### Work item
Reproduce the listing below as it stands. Leave out each image.

### Source data
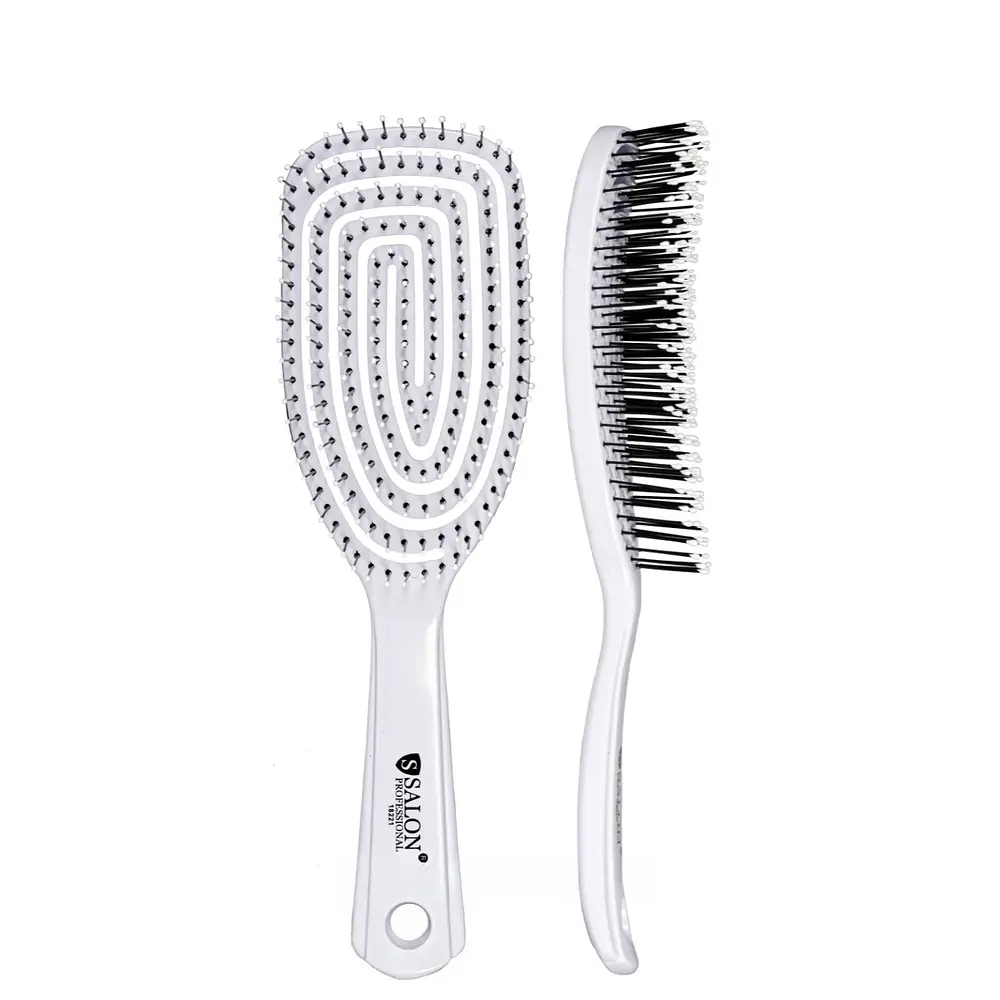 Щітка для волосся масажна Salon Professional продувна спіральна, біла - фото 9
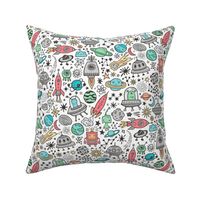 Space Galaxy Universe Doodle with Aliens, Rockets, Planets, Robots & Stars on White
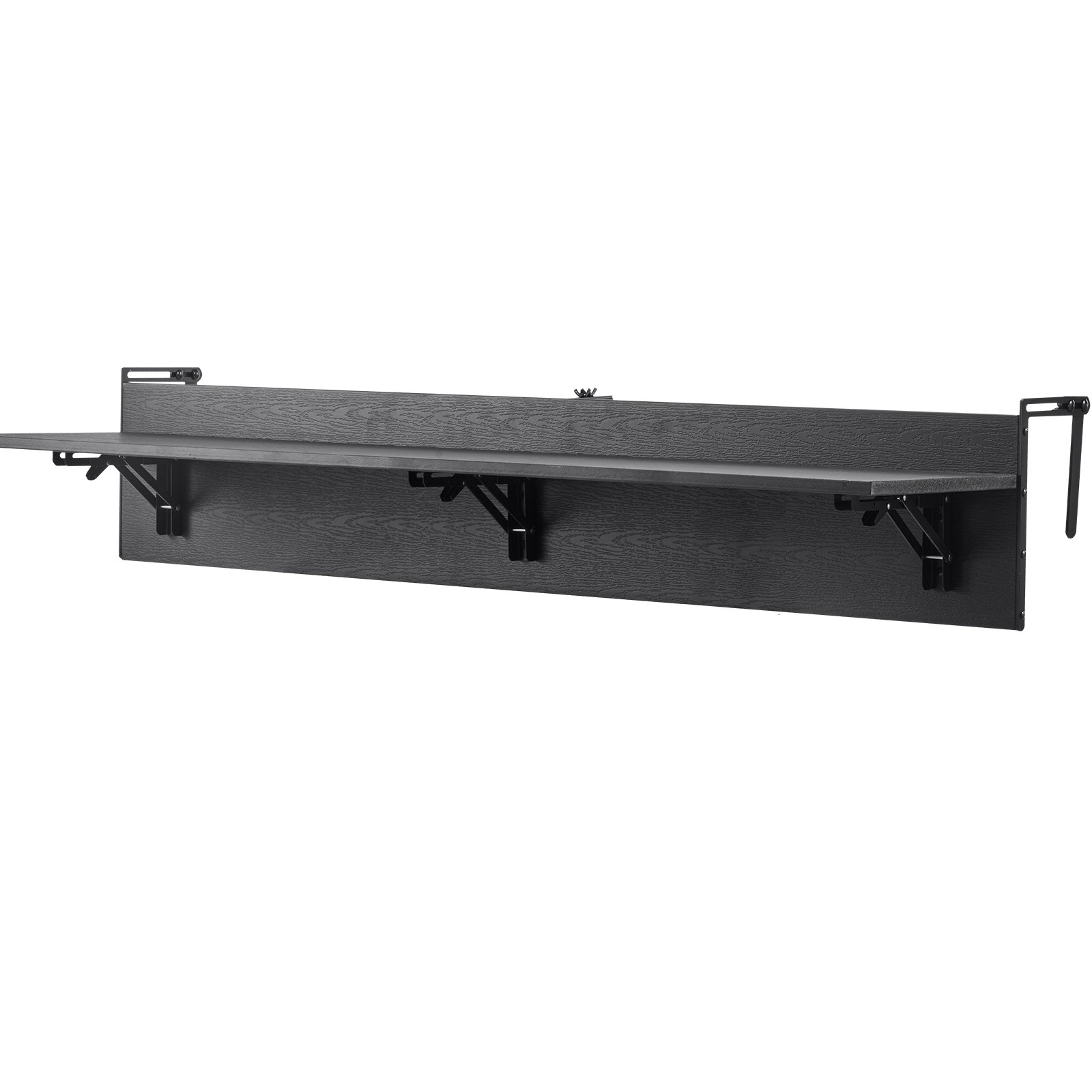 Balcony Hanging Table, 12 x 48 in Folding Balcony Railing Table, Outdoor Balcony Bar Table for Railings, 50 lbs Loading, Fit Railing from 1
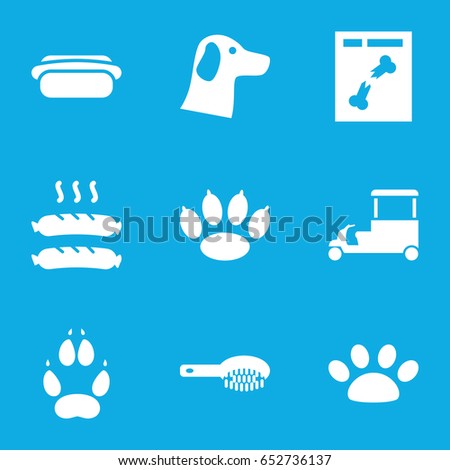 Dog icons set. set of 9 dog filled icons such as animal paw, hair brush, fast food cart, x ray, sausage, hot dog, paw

### Task answer
 Щітка для волосся масажна Salon Professional продувна спіральна, біла - фото 9
 Space Galaxy Universe Doodle with Aliens, Rockets, Planets, Robots & Stars on White
 Balcony Hanging Table, 12 x 48 in Folding Balcony Railing Table, Outdoor Balcony Bar Table for Railings, 50 lbs Loading, Fit Railing from 1
 Dog icons set. set of 9 dog filled icons such as animal paw, hair brush, fast food cart, x ray, sausage, hot dog, paw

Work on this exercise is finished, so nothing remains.